Stablecoin hacks refer to the theft or loss of stablecoins from security breaches or vulnerabilities in the platforms or wallets that hold them. Just like any other cryptocurrency, stablecoins are not immune to hacking attempts, and stablecoin platforms and wallets have been compromised. It is worth noting that USDC, USDT and DAI have never been hacked (to the public’s knowledge).

Hackers may try to exploit weaknesses in the platform's smart contract or code or steal private keys or passwords used to access the stablecoins. They may also try to trick users into giving them access to their wallets through phishing scams or social engineering tactics. In the event of a stablecoin hack, users may lose some or all of their stablecoin holdings, leading to financial losses. It is important for users to be aware of the security risks associated with stablecoins and take necessary precautions to protect their holdings, such as using hardware wallets and two-factor authentication and keeping their private keys secure.

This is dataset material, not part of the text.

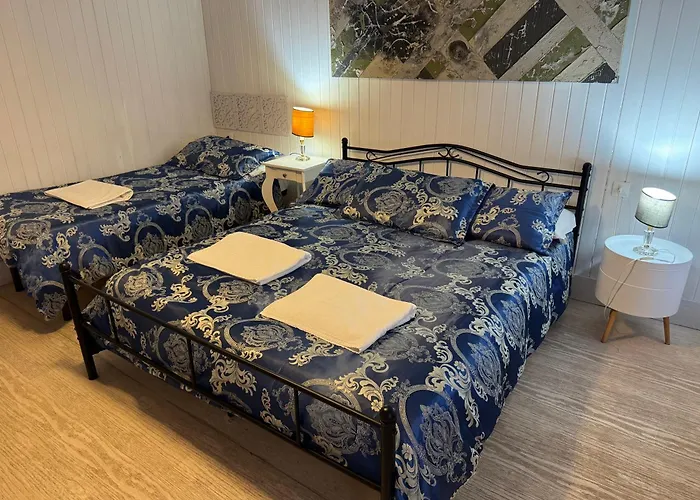 Something Else In Kingsclass Velence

Best Hardware Wallet for Stablecoins

When it comes to hardware wallets for storing stablecoins, several options are on the market. The best hardware wallet is the Ledger.

Best Hardware Wallet: Ledger 

The Ledger hardware wallet stores stablecoins and other cryptocurrencies. It is a physical device that holds your private keys and allows you to securely access your crypto assets. Ledger wallets come in different models, such as the Ledger Nano S and Ledger Nano X, and support a wide range of cryptocurrencies, including stablecoins like USDC, USDT and DAI.

One of the main advantages of using a Ledger hardware wallet for stablecoins is its strong security features. The device is designed to keep your private keys offline and inaccessible to potential hackers, and it requires a PIN code to access your funds. Ledger provides regular firmware updates to improve the security of its devices and protect against known vulnerabilities.

Another benefit of using a Ledger hardware wallet is its ease of use. The device comes with a user-friendly interface that makes it easy to manage your crypto assets and transfer stablecoins to other wallets or exchanges. It also supports mobile apps that allow you to monitor your portfolio and transactions on the go.

Are Stablecoins a Safe Investment?

While stablecoins are generally regarded as a relatively safe investment, it’s important to do your own research on how the stablecoin you chose to hold is backed. If you plan to use stablecoins in DeFi to earn interest, then the yield may be worth the risk of holding stablecoins. However, if you’re seeking to hold cash and have access to fiat offramps, then holding USD directly may be a safer bet.